The trouble with movies about magic is that sorcerer’s should be pretty much invincible, particularly ones as powerful as these. For example, there is an extended car chase sequence in the last third of the movie; very well done, but it seemed to be fairly pedestrian. They could have easily done a chase with something more imaginative – invisible horses, beams of light, anything – and you would think that a sorcerer could wave his arms and turn the car into a mule.

Similarly, a crucial plot point involves Becky moving a satellite dish so that a spell can go awry. Wouldn’t the sorcerer casting the spell be able to move the satellite dish back into place? After all, they’ve been moving objects telekinetically throughout the movie.

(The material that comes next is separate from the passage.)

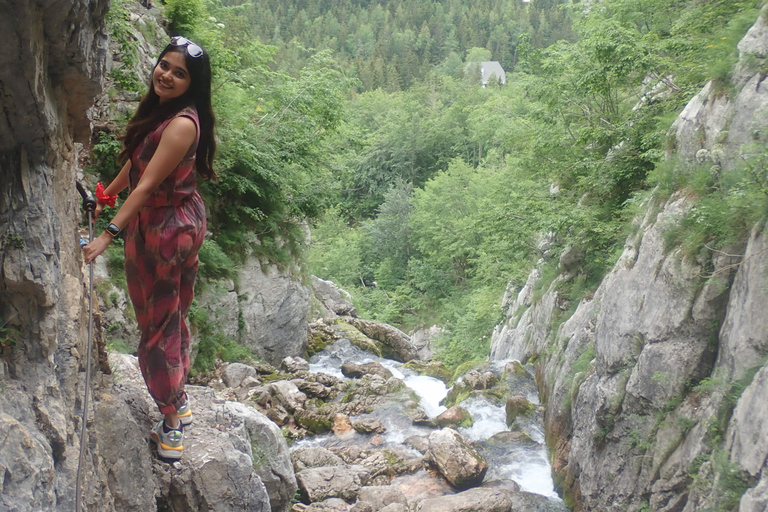 Kranjska Gora, Bovec, Bohinj: pełna przygód wycieczka z Bledu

But I digress. Anyone going to a movie like this and expecting Scorsese is a lunatic. This is Bruckheimer, and he excels at movies that entertain on a visceral level rather than inspire or educate, and that’s fine folks – we all need mindless entertainment once in awhile. However, I would have expected a movie about magic to be more, well, magical. Definitely this is entertaining, but it could have been done so much better with a bit more imagination.

REASONS TO GO: Cage and Molina do some pretty solid work here. The eye candy is effective.

REASONS TO STAY: Baruchel is a bit too whiny and foolish to get behind as a heroic lead. The whole car chase sequence seemed unnecessary and could have been handled more imaginatively.

FAMILY VALUES: There’s a bit of fantasy violence and some scenes of brief sexuality, but for the most part should be okay for audiences of all ages, although some of the creatures might be a little scary for the littlest of kids.

TRIVIAL PURSUIT: The character of Abigail Williams is based on an actual person who was accused of being a witch in Salem, Massachusetts in the 17th century, ran away and was never heard from again.

HOME OR THEATER: There are enough sequences that have the gee-whiz factor that I give a slight nod towards seeing it in the theater.